*RAW DATA:*
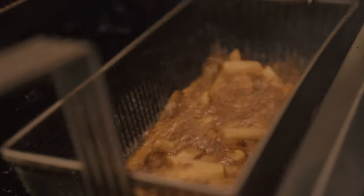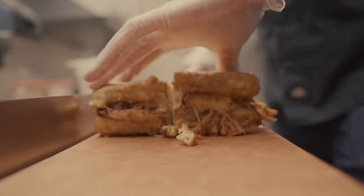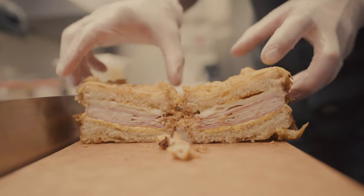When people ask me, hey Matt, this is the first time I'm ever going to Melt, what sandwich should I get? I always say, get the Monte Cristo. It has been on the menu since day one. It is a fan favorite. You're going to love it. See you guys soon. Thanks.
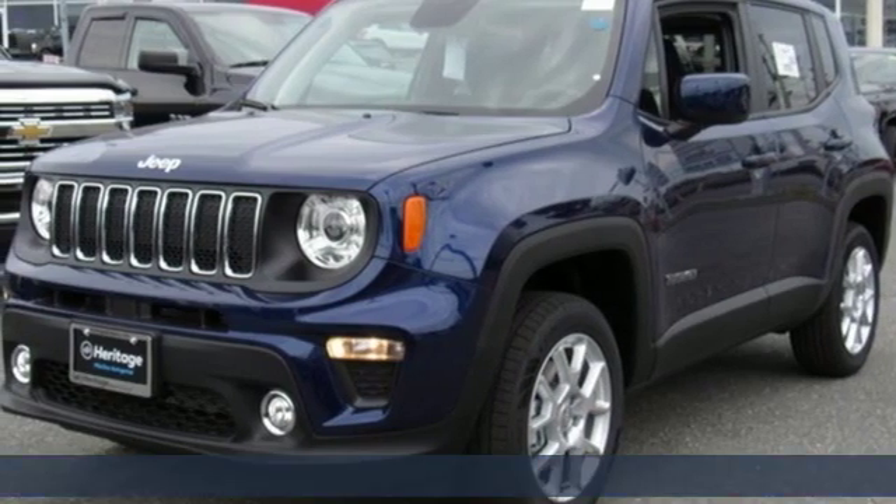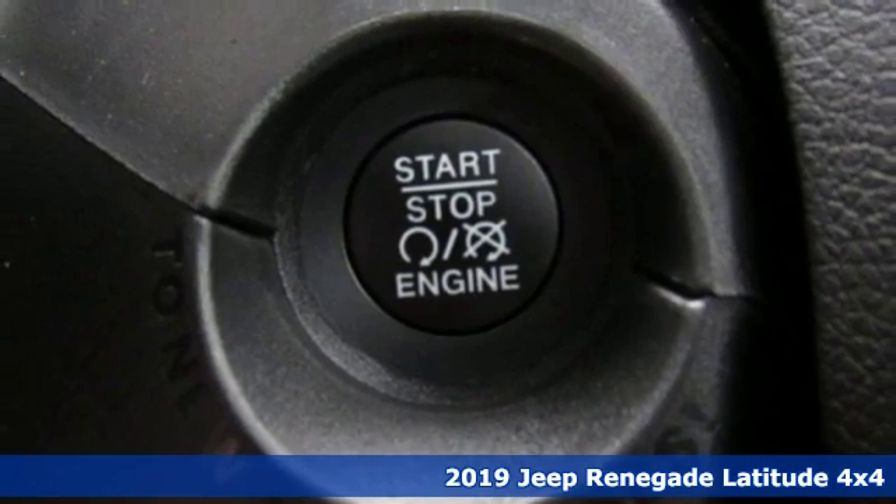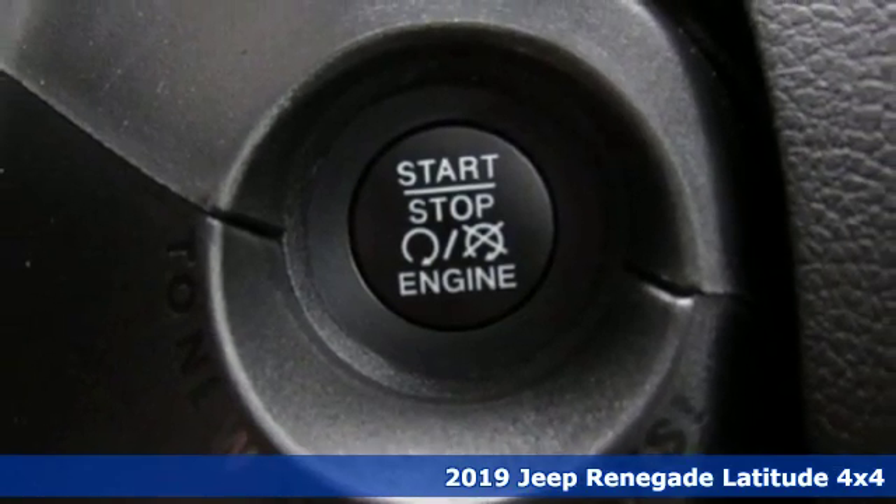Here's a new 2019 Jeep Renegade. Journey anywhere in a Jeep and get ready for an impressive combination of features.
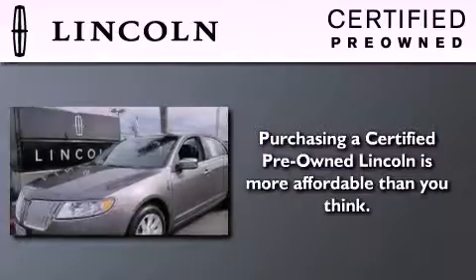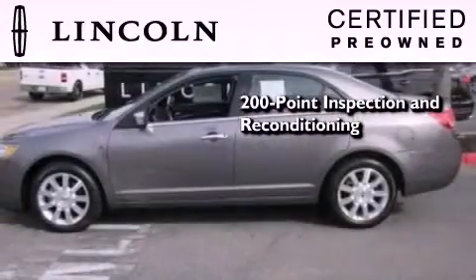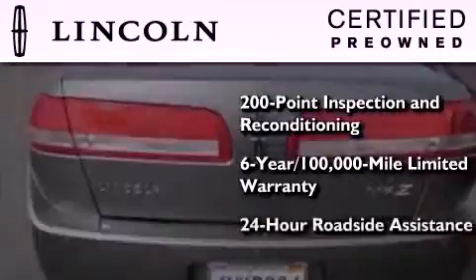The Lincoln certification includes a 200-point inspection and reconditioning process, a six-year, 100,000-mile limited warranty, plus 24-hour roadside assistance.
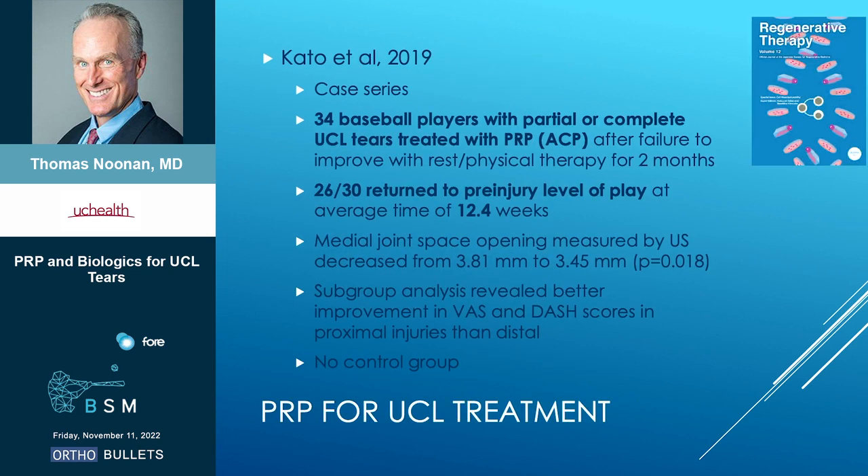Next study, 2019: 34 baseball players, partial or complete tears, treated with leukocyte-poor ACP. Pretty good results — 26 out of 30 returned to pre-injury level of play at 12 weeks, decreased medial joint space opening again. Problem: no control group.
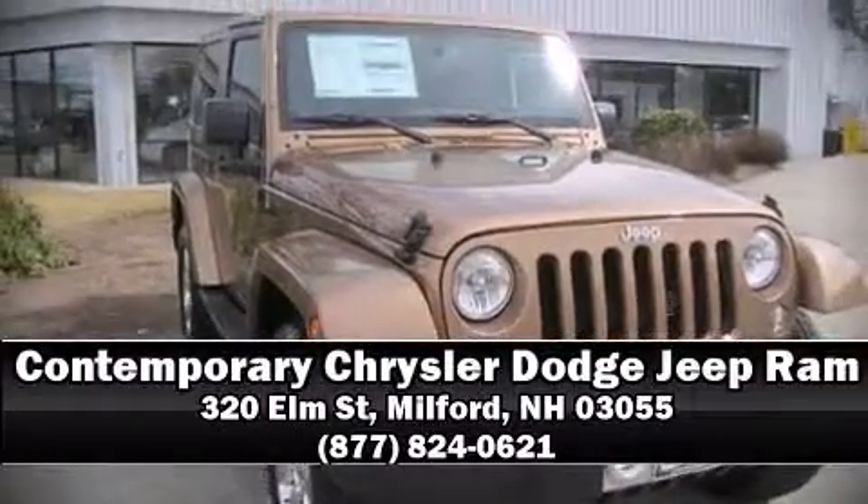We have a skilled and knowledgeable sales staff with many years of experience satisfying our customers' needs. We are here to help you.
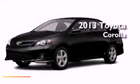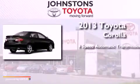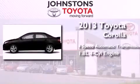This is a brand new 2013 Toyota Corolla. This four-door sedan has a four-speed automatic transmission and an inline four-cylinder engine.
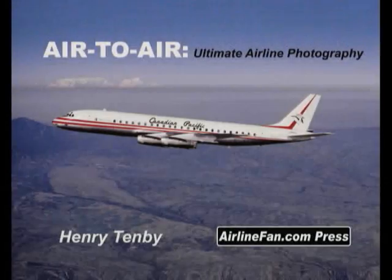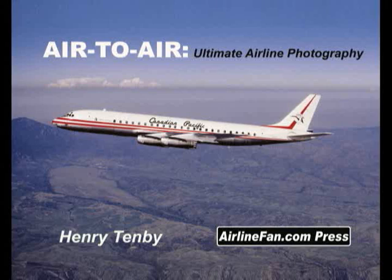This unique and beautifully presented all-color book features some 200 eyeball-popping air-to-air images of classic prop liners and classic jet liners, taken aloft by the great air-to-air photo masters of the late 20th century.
---
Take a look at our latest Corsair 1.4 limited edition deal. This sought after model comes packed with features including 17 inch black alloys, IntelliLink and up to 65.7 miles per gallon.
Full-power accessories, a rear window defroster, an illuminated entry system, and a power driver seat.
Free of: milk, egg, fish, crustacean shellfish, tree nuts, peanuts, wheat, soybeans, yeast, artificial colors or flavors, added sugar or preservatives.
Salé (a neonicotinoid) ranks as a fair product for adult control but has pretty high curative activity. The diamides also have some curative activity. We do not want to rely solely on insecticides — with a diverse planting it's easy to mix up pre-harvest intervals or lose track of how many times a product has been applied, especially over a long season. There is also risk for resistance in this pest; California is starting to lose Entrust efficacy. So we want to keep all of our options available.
...
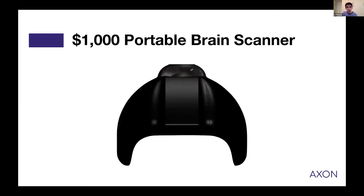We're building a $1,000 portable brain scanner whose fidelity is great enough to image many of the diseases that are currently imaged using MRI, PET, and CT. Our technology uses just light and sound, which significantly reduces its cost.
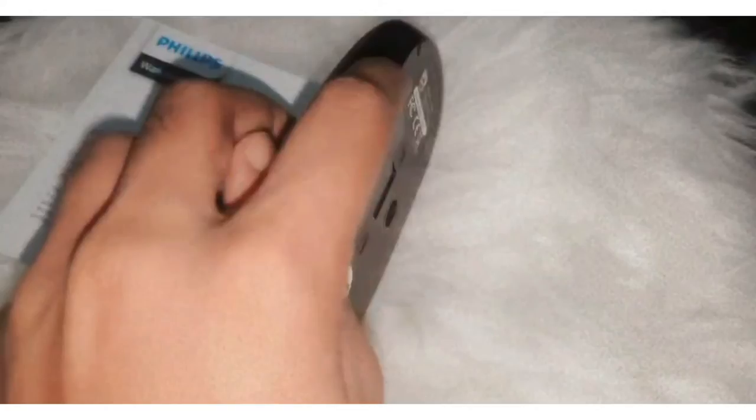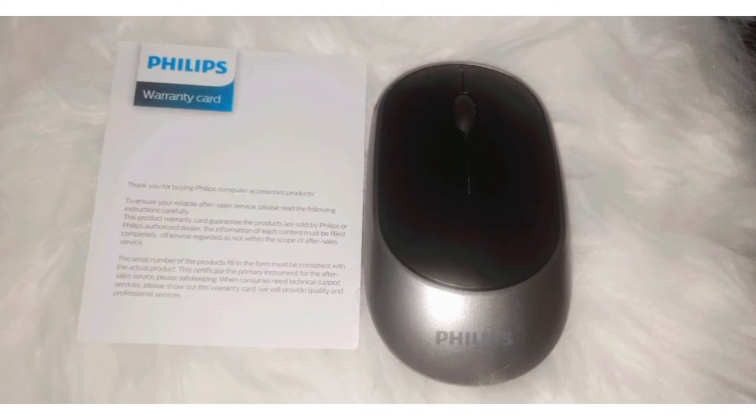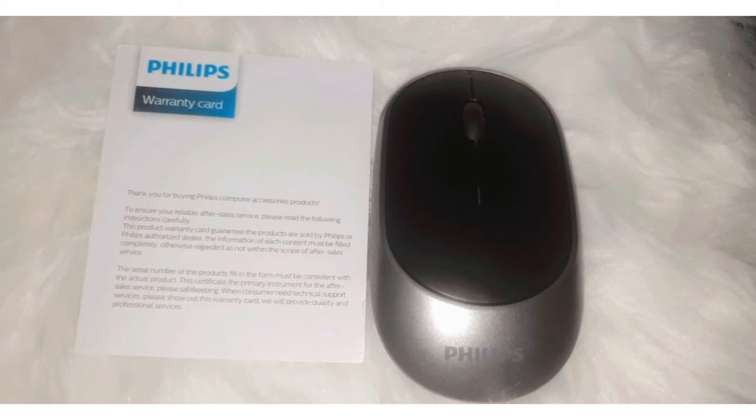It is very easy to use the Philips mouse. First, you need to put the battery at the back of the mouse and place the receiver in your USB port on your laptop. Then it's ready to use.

*DIRECTIONS:*
From the material above, set down exactly the lines starting at the one with "Full-power accessories, a" and ending at the one with "Salé (a neonicotinoid)", end lines included.

*RESPONSE:*
Full-power accessories, a rear window defroster, an illuminated entry system, and a power driver seat.
Free of: milk, egg, fish, crustacean shellfish, tree nuts, peanuts, wheat, soybeans, yeast, artificial colors or flavors, added sugar or preservatives.
Salé (a neonicotinoid) ranks as a fair product for adult control but has pretty high curative activity. The diamides also have some curative activity. We do not want to rely solely on insecticides — with a diverse planting it's easy to mix up pre-harvest intervals or lose track of how many times a product has been applied, especially over a long season. There is also risk for resistance in this pest; California is starting to lose Entrust efficacy. So we want to keep all of our options available.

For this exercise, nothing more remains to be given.